── SUPPLIED MATERIAL

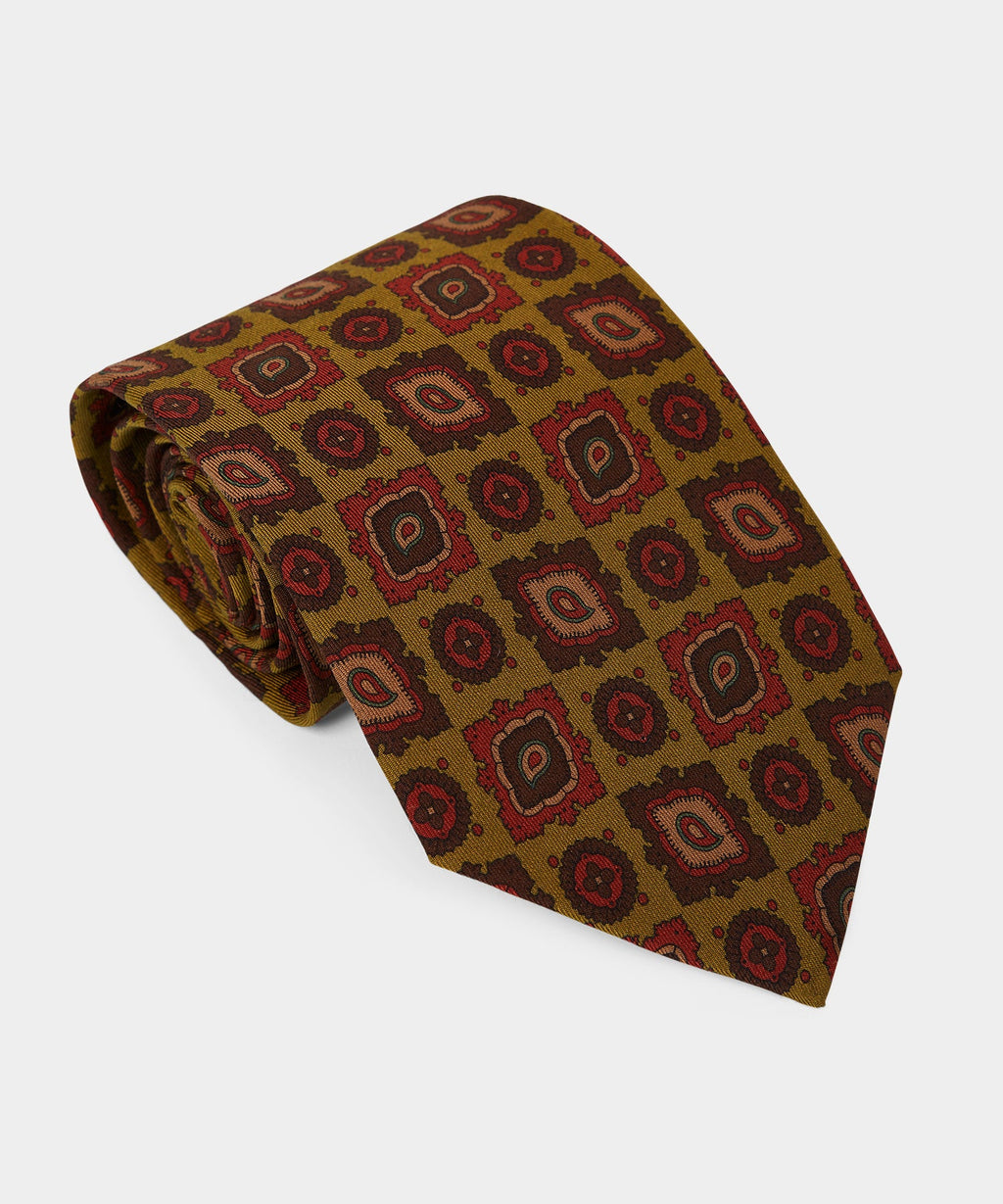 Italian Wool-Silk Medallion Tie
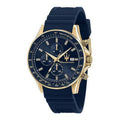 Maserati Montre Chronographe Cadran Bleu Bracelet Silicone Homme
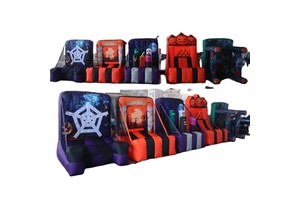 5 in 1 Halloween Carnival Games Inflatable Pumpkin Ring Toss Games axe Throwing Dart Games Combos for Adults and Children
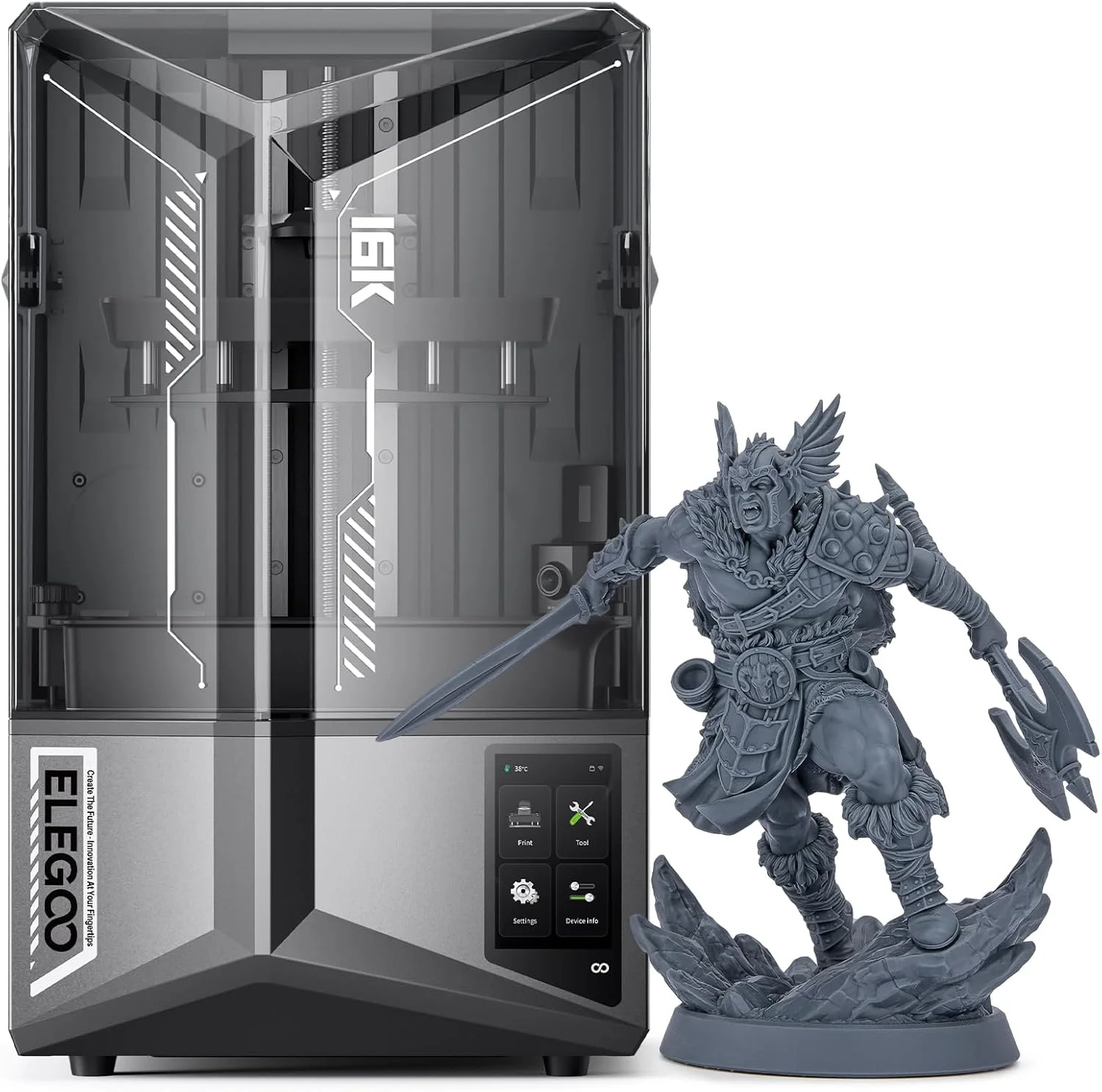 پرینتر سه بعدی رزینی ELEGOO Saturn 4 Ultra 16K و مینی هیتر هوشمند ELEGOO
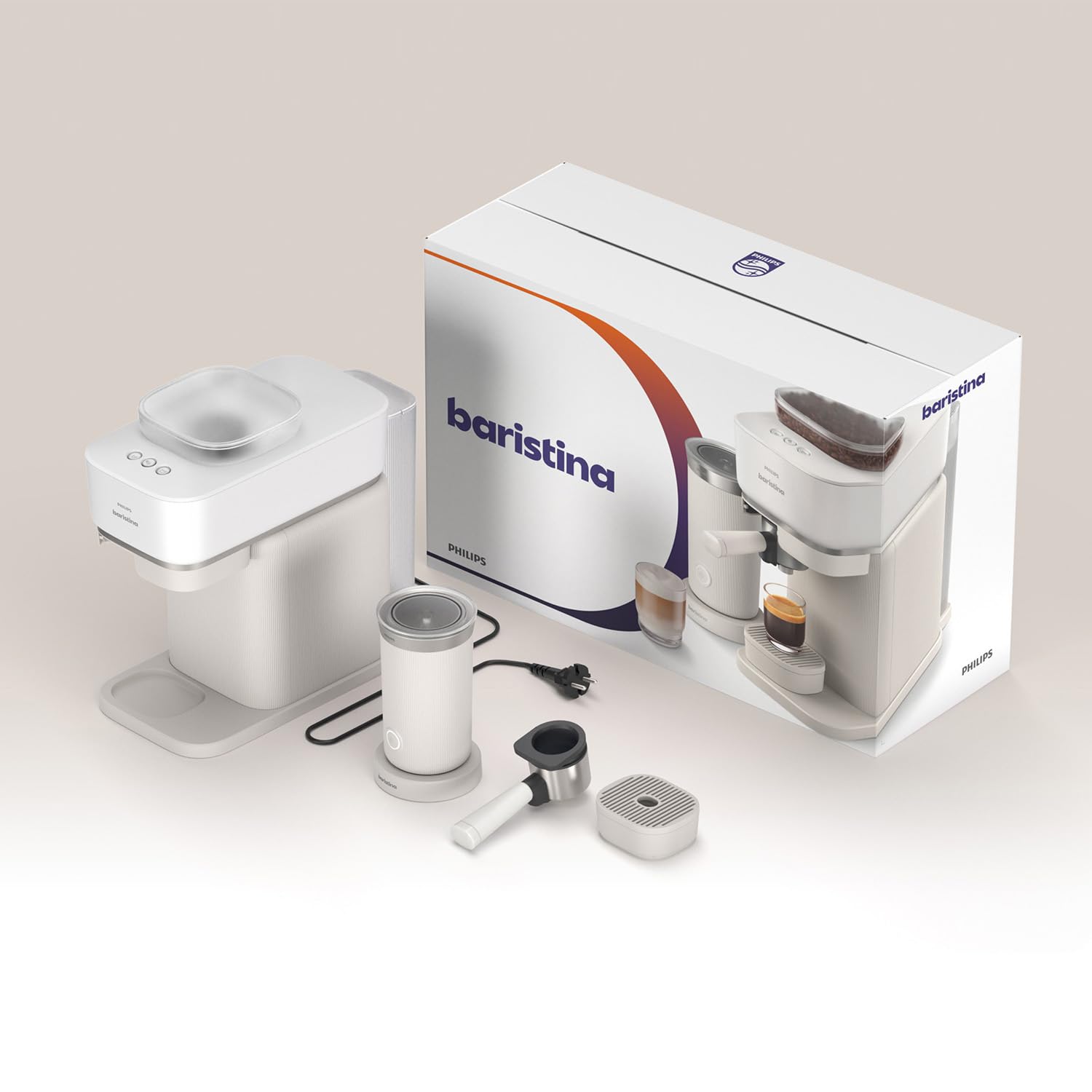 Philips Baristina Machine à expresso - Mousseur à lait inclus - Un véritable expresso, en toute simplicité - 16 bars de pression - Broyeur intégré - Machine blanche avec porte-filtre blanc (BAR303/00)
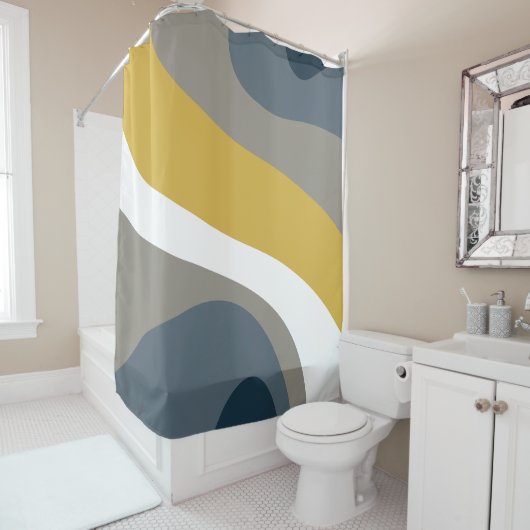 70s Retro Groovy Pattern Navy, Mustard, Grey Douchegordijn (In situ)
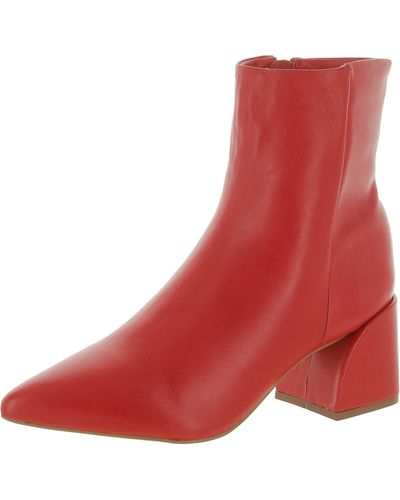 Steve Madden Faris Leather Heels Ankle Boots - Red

────
── SUPPLIED MATERIAL

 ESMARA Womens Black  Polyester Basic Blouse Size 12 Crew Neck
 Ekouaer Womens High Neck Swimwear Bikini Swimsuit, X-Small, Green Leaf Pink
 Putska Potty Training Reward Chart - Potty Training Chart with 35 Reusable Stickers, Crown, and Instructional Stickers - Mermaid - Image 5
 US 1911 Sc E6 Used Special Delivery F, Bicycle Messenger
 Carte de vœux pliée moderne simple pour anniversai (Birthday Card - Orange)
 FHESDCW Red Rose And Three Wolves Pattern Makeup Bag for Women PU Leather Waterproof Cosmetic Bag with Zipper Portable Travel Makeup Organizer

────

Look above for the line containing "ESMARA Womens Black". Output from there through the line containing "FHESDCW Red Rose", exactly and inclusively.

 ESMARA Womens Black  Polyester Basic Blouse Size 12 Crew Neck
 Ekouaer Womens High Neck Swimwear Bikini Swimsuit, X-Small, Green Leaf Pink
 Putska Potty Training Reward Chart - Potty Training Chart with 35 Reusable Stickers, Crown, and Instructional Stickers - Mermaid - Image 5
 US 1911 Sc E6 Used Special Delivery F, Bicycle Messenger
 Carte de vœux pliée moderne simple pour anniversai (Birthday Card - Orange)
 FHESDCW Red Rose And Three Wolves Pattern Makeup Bag for Women PU Leather Waterproof Cosmetic Bag with Zipper Portable Travel Makeup Organizer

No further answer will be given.